PROVIDED DATA:
■ ■ ■

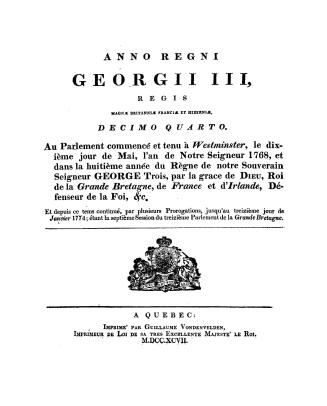 An act for making more effectual provision for the government of the province of Quebec in North America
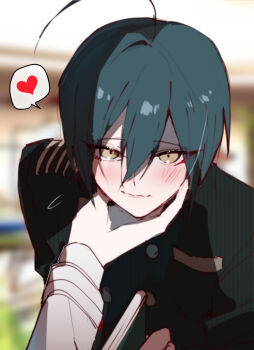 2boys ahoge black_hair black_jacket blurry blurry_background blush book brown_eyes buttons chin_on_palm_challenge chugiya collared_jacket commentary_request danganronpa_(series) danganronpa_v3:_killing_harmony hair_between_eyes half-closed_eyes heart highres holding holding_book jacket leaning_forward long_sleeves looking_at_viewer male_focus multiple_boys oma_kokichi pinstripe_jacket pinstripe_pattern pov pov_hands saihara_shuichi short_hair smile solo_focus spoken_heart upper_body yaoi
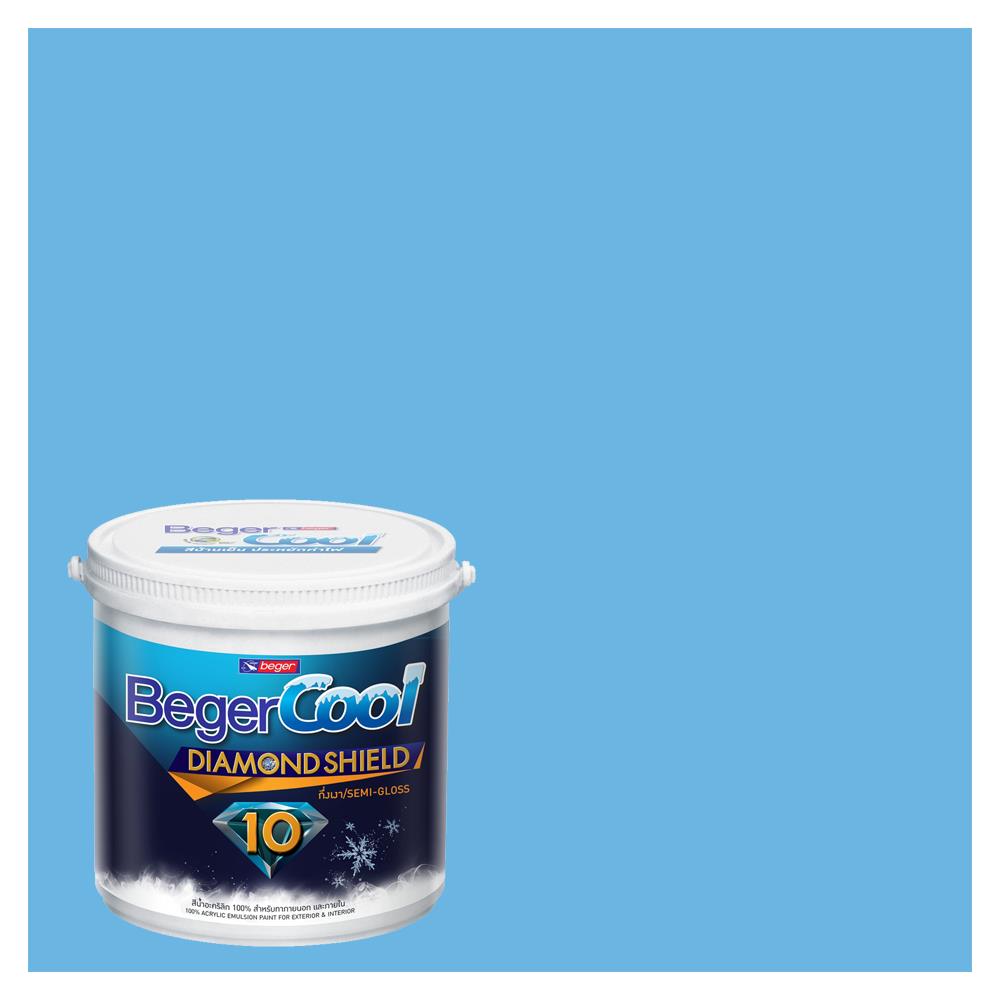 สีน้ำทาภายนอก BEGERCOOL DIAMONDSHIELD 10 #031-4 สี BRIGHT SEASCAPE กึ่งเงา 9 ลิตร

■ ■ ■

EXERCISE INSTRUCTIONS: Quote each line of the listing exactly, but leave the pictures out.

ANSWER AREA:
 An act for making more effectual provision for the government of the province of Quebec in North America
 2boys ahoge black_hair black_jacket blurry blurry_background blush book brown_eyes buttons chin_on_palm_challenge chugiya collared_jacket commentary_request danganronpa_(series) danganronpa_v3:_killing_harmony hair_between_eyes half-closed_eyes heart highres holding holding_book jacket leaning_forward long_sleeves looking_at_viewer male_focus multiple_boys oma_kokichi pinstripe_jacket pinstripe_pattern pov pov_hands saihara_shuichi short_hair smile solo_focus spoken_heart upper_body yaoi
 สีน้ำทาภายนอก BEGERCOOL DIAMONDSHIELD 10 #031-4 สี BRIGHT SEASCAPE กึ่งเงา 9 ลิตร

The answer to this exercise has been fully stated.